• [The records]:
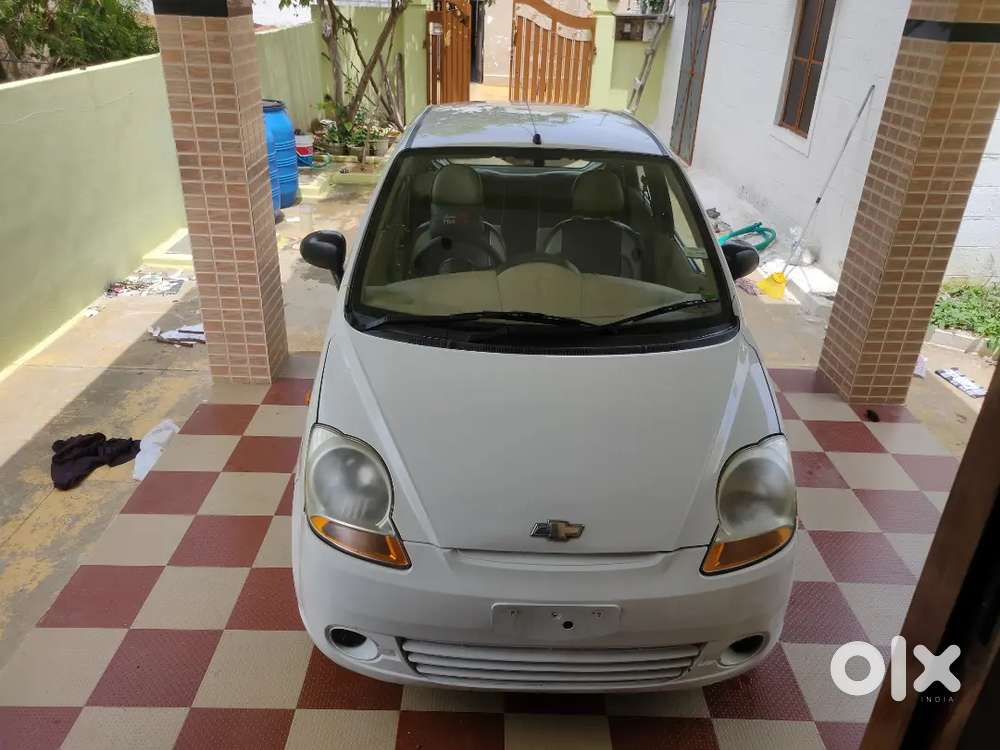 Chevrolet Spark 2010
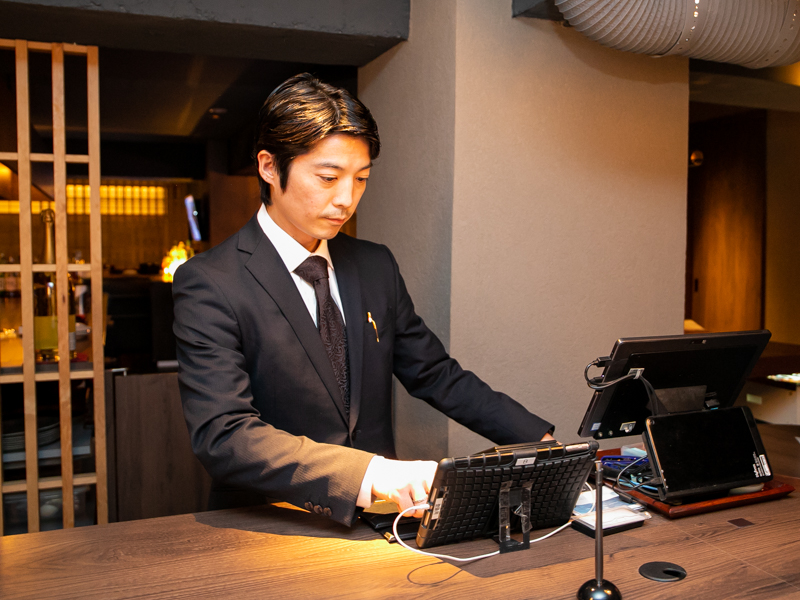 「目まぐるしい開業準備の中で、確かな成長とやりがいを感じています。」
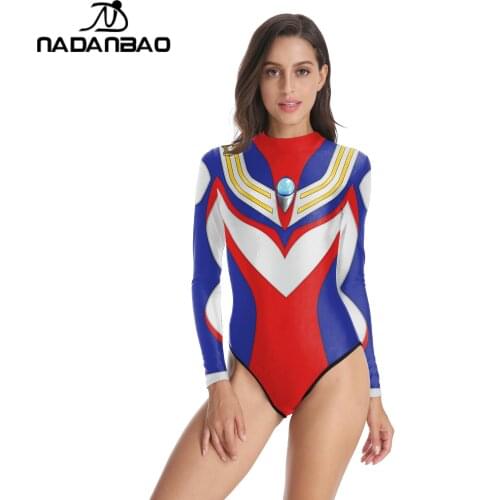Nadanbao Apparel Women's Sports Swimwear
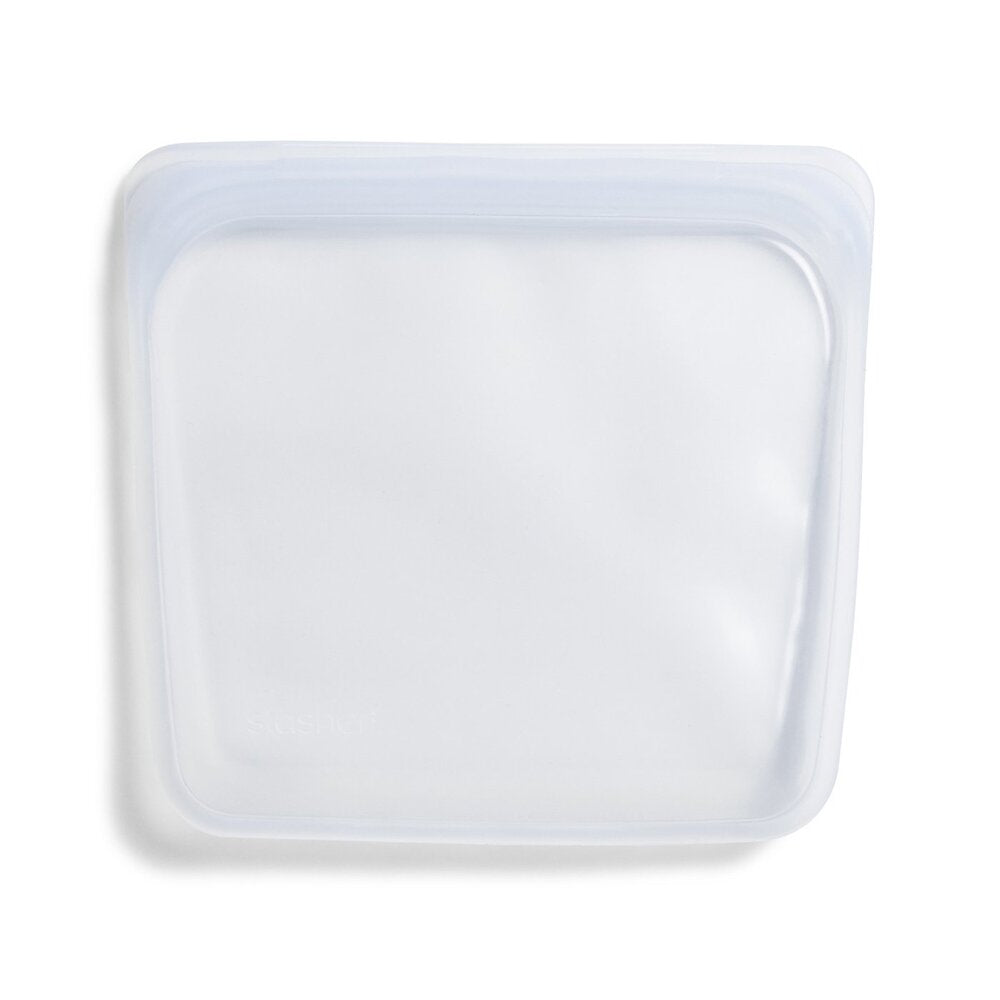 Opbevaring Stasher Sandwich Bag clear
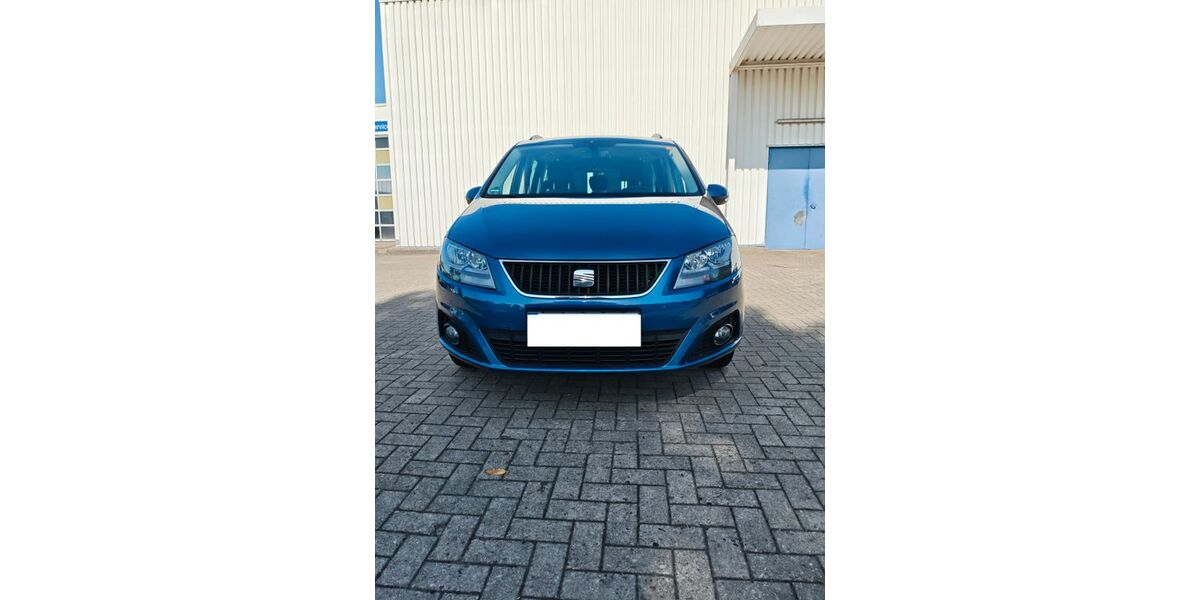 Seat Alhambra 161.000 km 11.400 &euro; Lilienthal 28865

• [What the task asks]:
Copy exactly the lines from the one containing "Nadanbao Apparel Women's Sports Swimwear" through the final line of the records above, both included, and leave out any pictures.

• [Response]:
Nadanbao Apparel Women's Sports Swimwear
 Opbevaring Stasher Sandwich Bag clear
 Seat Alhambra 161.000 km 11.400 &euro; Lilienthal 28865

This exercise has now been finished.